→ **Source information**
============================================================

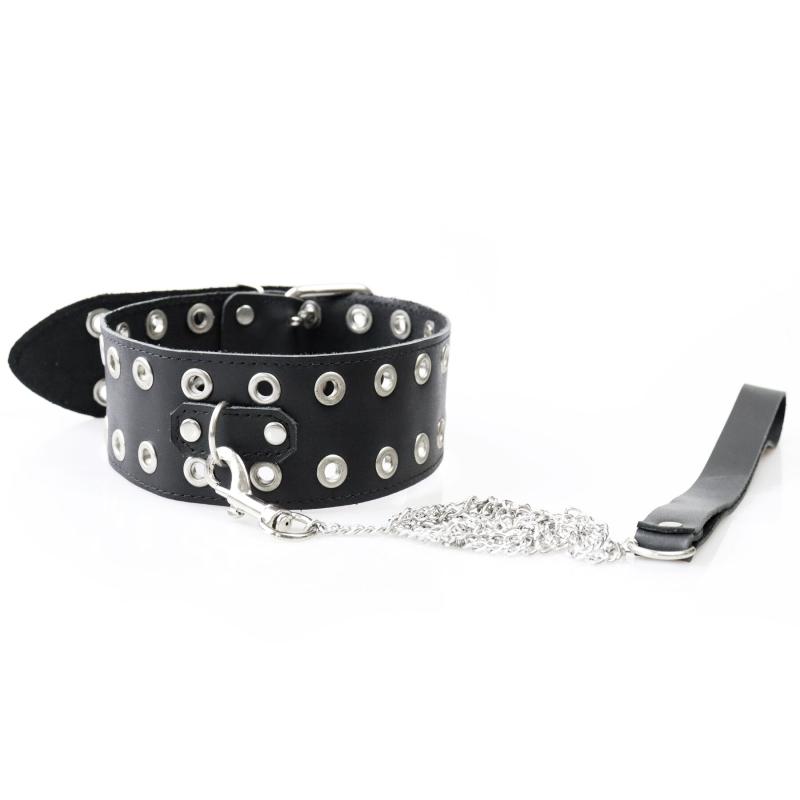 SO7524 Ошейник Art of Sex - Tessa с поводком из натуральной кожи, цвет черный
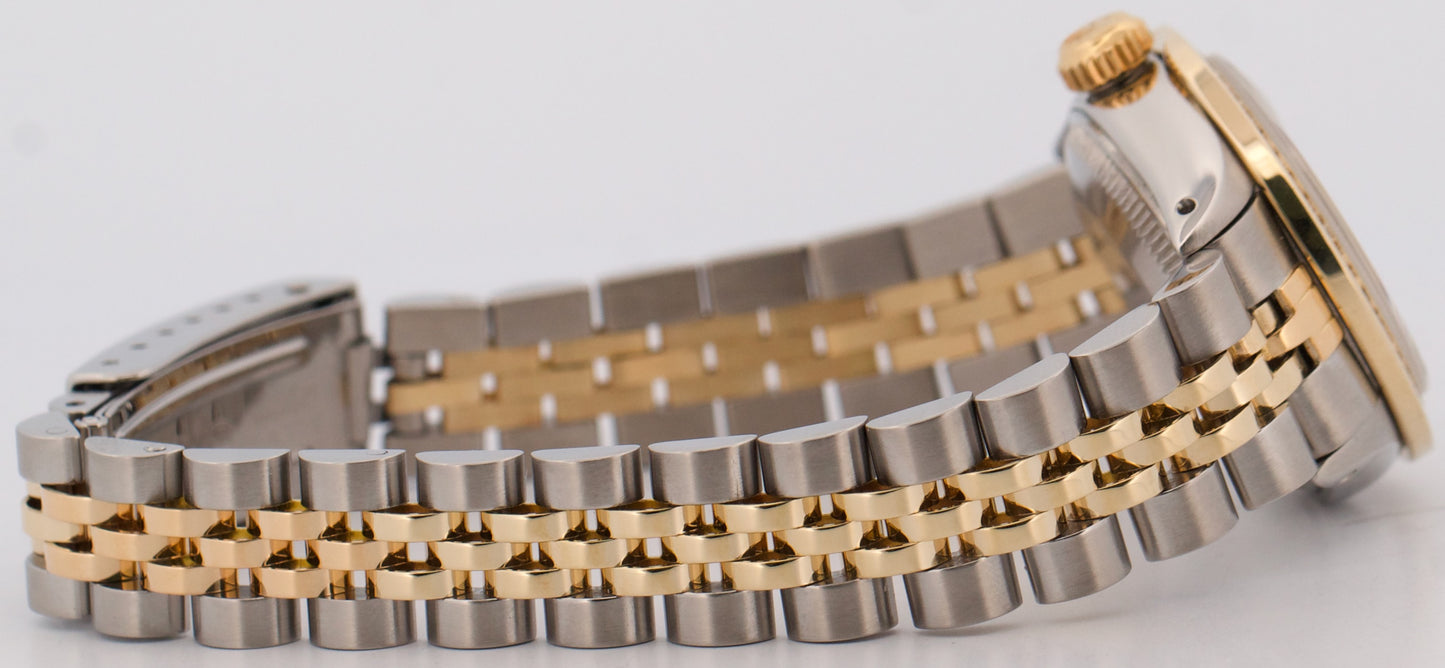 Ladies Rolex DateJust 26mm MOP DIAMOND 18K Gold Steel Two-Tone JUBILEE 6916
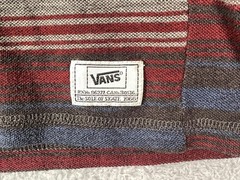 Vans Hoodie Mens Medium Red Striped Heritage Lightweight V Neck Pullover Jersey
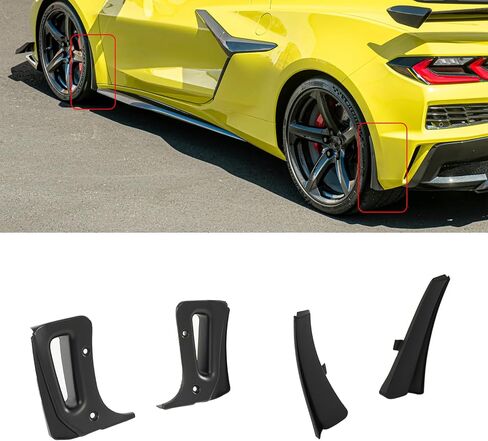 4 قطع من اللوحات الطينية الأمامية والخلفية لسيارة Chevy Corvette c8 Z06/E-Ray 2020-2025 نموذج الجسم العريض بدون واقيات طين الحفر من بلاستيك ABS (أسود لامع) in Kuwait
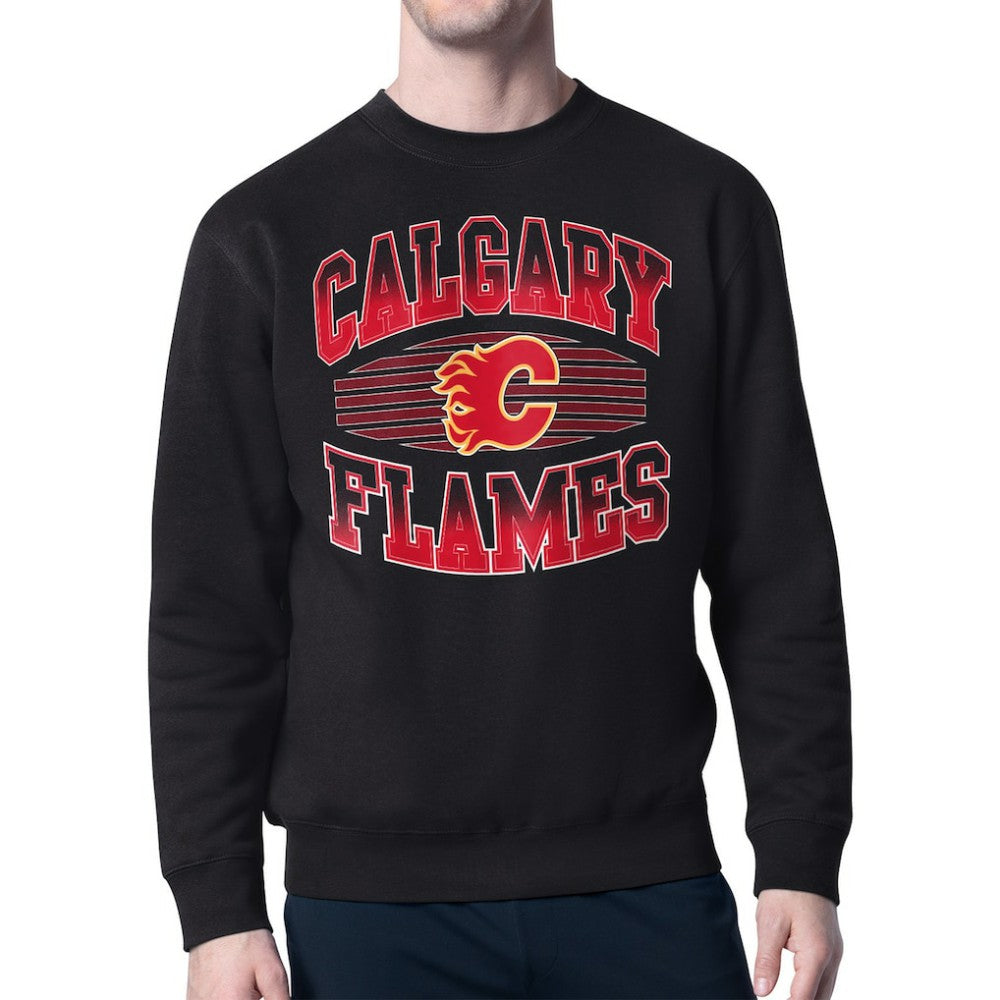 NHL Calgary Flames Starter Team Grit Graphic Fleece Pullover Sweatshirt - Black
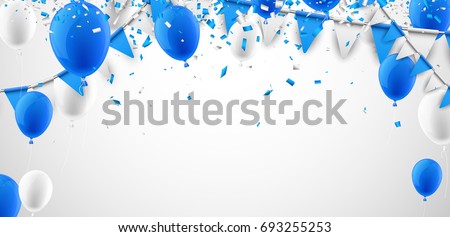 Festive background with blue and white flags and balloons. Vector illustration.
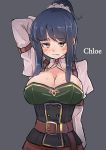  1girl arm_behind_head arm_up belt blue_hair breasts brooch chloe_ironside ciconia_no_naku_koro_ni cleavage english_text frown grey_background highres jewelry large_breasts long28 long_hair looking_at_viewer ponytail simple_background sweat yellow_eyes 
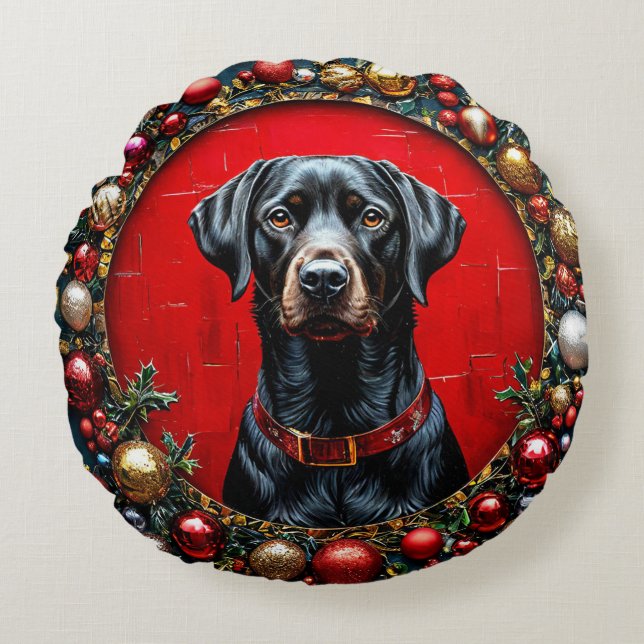 Almofada Redonda Cachorro labrador de Natal (Frente)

============================================================

→ **Work order**
The pictures stay out; please reproduce everything else in the entries exactly.

→ **Exercise output**
 SO7524 Ошейник Art of Sex - Tessa с поводком из натуральной кожи, цвет черный
 Ladies Rolex DateJust 26mm MOP DIAMOND 18K Gold Steel Two-Tone JUBILEE 6916
 Vans Hoodie Mens Medium Red Striped Heritage Lightweight V Neck Pullover Jersey
 4 قطع من اللوحات الطينية الأمامية والخلفية لسيارة Chevy Corvette c8 Z06/E-Ray 2020-2025 نموذج الجسم العريض بدون واقيات طين الحفر من بلاستيك ABS (أسود لامع) in Kuwait
 NHL Calgary Flames Starter Team Grit Graphic Fleece Pullover Sweatshirt - Black
 Festive background with blue and white flags and balloons. Vector illustration.
  1girl arm_behind_head arm_up belt blue_hair breasts brooch chloe_ironside ciconia_no_naku_koro_ni cleavage english_text frown grey_background highres jewelry large_breasts long28 long_hair looking_at_viewer ponytail simple_background sweat yellow_eyes 
 Almofada Redonda Cachorro labrador de Natal (Frente)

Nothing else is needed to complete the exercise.